/---

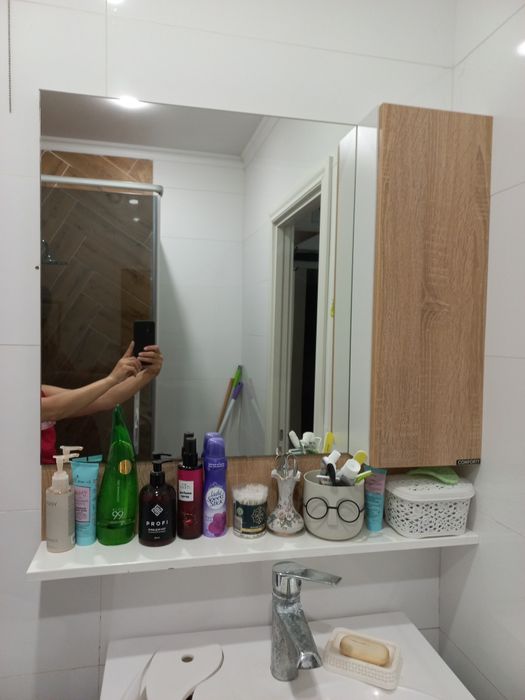 Зеркало сшкафчиком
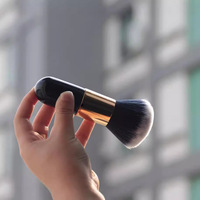 Pinceau éventail professionnel en poils synthétiques doux avec manche en plastique pour le visage, logo personnalisé, cosmétique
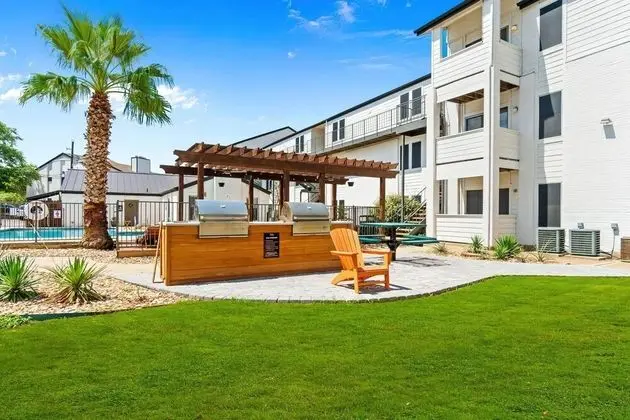 Sola 1BR Work Play Close to Downtown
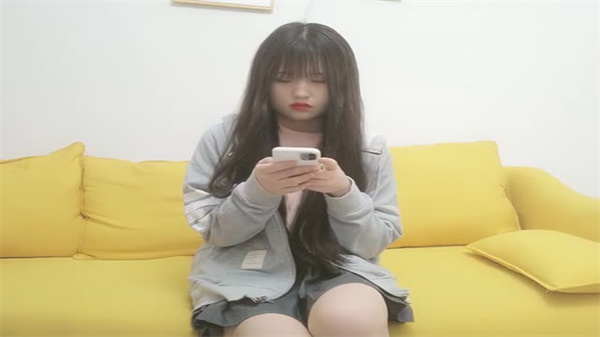 纹身萌妹被操哭！甜美脸蛋爆操内射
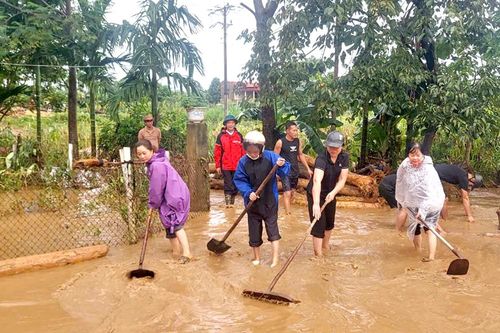 Chung tay hỗ trợ người dân bị ảnh hưởng bởi mưa lũ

\---

■ Task statement
Output every entry verbatim. Pictures do not belong in the copy.

■ Response box
 Зеркало сшкафчиком
 Pinceau éventail professionnel en poils synthétiques doux avec manche en plastique pour le visage, logo personnalisé, cosmétique
 Sola 1BR Work Play Close to Downtown
 纹身萌妹被操哭！甜美脸蛋爆操内射
 Chung tay hỗ trợ người dân bị ảnh hưởng bởi mưa lũ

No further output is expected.